▸ The problem
Copy nothing but the lines below running from the line containing "91家纺网 家纺一手货源 找家纺 柏薇 2026新款冰丝凉席床单款凉席三件套系列 野莓" through the line containing "Encre et couleurs sur soie,...", both end lines included.

▸ Supplied information

------------------------

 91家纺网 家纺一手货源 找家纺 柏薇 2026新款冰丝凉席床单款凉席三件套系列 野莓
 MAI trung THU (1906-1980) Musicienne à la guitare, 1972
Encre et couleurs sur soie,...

------------------------

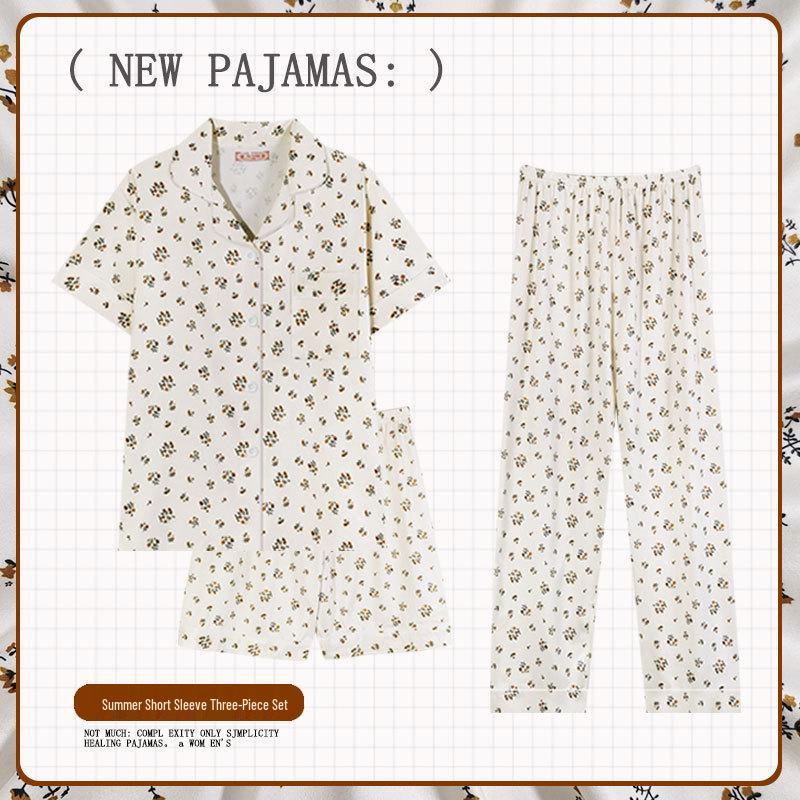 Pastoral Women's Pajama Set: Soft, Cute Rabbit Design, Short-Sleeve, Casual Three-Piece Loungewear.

------------------------

▸ Solution to this exercise
 91家纺网 家纺一手货源 找家纺 柏薇 2026新款冰丝凉席床单款凉席三件套系列 野莓
 MAI trung THU (1906-1980) Musicienne à la guitare, 1972
Encre et couleurs sur soie,...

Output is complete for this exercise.